199a Tax Deduction
What is it, and why Congress must extend it.
When Congress passed the Tax Cuts and Jobs Act (TCJA) in 2017, headlines focused on the drop in the corporate tax rate from 35% to 21%. But for the Main Street businesses that form the backbone of the American economy, another provision quietly became a game-changer: Section 199A.
Known formally as the Qualified Business Income (QBI) deduction, Section 199A gives owners of pass-through businesses a deduction of up to 20% on qualified business income. For millions of small business owners across the country, this deduction isn’t a loophole. It’s a lifeline.

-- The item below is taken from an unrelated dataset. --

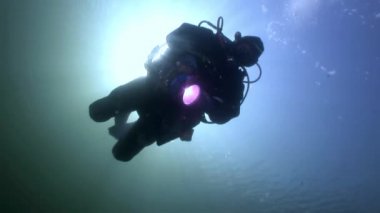Scuba diver siluet feneri arka plan yansıması güneş ışığı su altında.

Today, that lifeline is set to expire at the end of 2025 unless Congress acts. With the clock ticking, it’s imperative we understand what 199A is, what it does, and what’s at stake if lawmakers fail to extend it.
What Is Section 199A?
Section 199A, found in Title 26 of the U.S. Code § 199A, allows individuals with pass-through income to deduct up to 20% of their qualified business income (QBI) on their tax return. Eligible business types include sole proprietorships, partnerships, S corporations, and certain trusts and estates.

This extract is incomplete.